UC Berkeley

Enhancers are non-coding DNA elements found throughout the genome that, in concert with transcription factors, coactivators, and general transcriptional machinery, activate cell-type specific gene expression. Initial studies on enhancers demonstrated these regulatory elements contained clusters of transcription factor binding sites to recruit endogenous transcription factors and drive elevated expression of a target gene . These early works highlighted that theirregulatory activity was maintained despite alterations in their orientation and/or positioning relative to the targeted gene. Nearly half a century later, enhancers are center stage in efforts to characterize the regulatory components and mechanisms behind development and disease. This dissertation is a study on mammalian enhancers, the genome-wide approaches for their identification, and their contributions in early developmental processes.
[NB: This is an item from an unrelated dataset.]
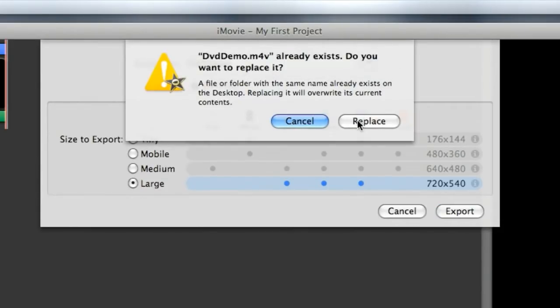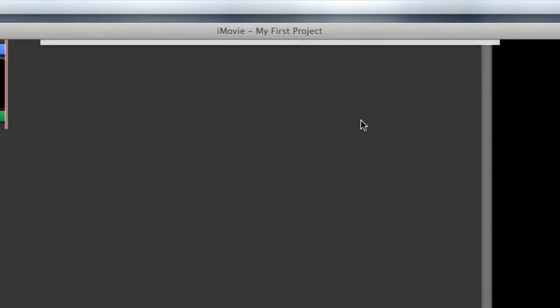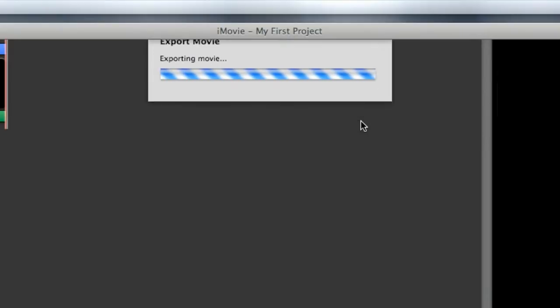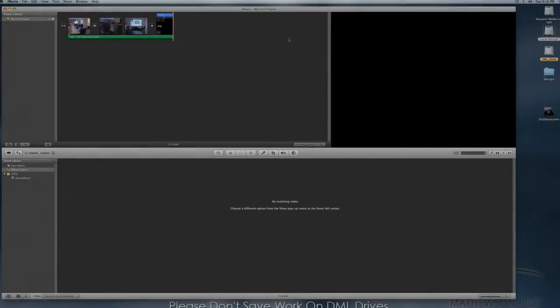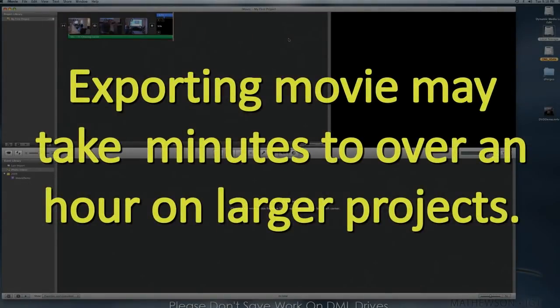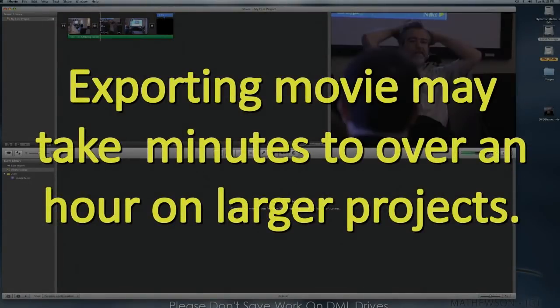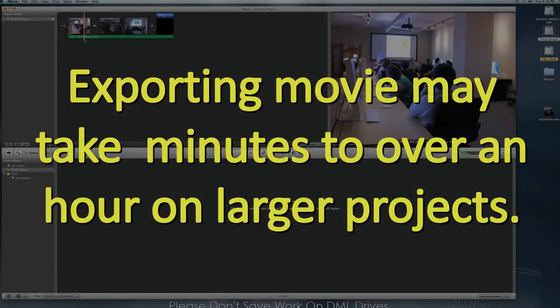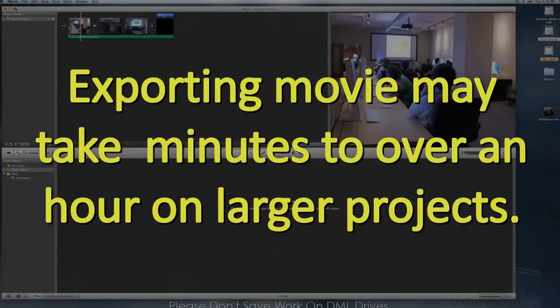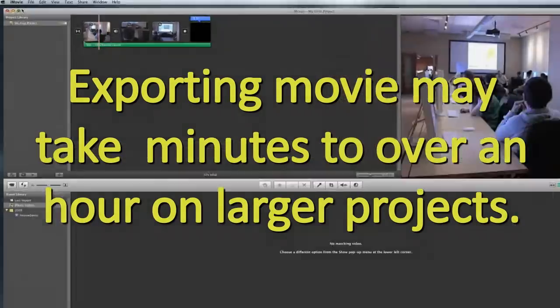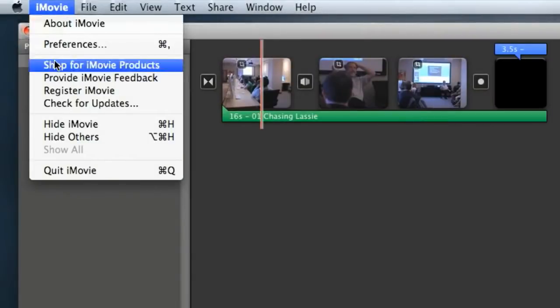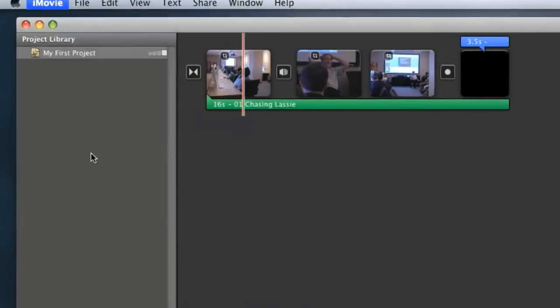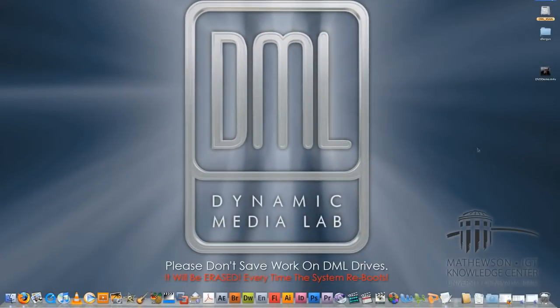I already had one on here so it's going to have me replace it. That's fine. It's going to export out. Mine probably went a lot quicker than yours will. It's a really small video file but it's the same process. Once you export out a movie from iMovie you can quit iMovie and now let's go ahead and open up iDVD.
Chapter 1 provides an overview of the enhancer properties uncovered from various experimental systems and how these properties are harnessed to predict and further dissect enhancer activity. Chapters 2 and 3 comprise two separate projects that involve 1) an extensive in vivo assessment of active enhancers that are hidden from canonical biochemical-based methods for enhancer identification and 2) the characterization of tissue-specific enhancers across the Shox2 locus that regulate early heart, face, and limb development. Altogether these works demonstrate the critical roles of enhancers for normal organismal development and the ongoing challenge of mapping increasingly large datasets to insights on enhancer prediction and function.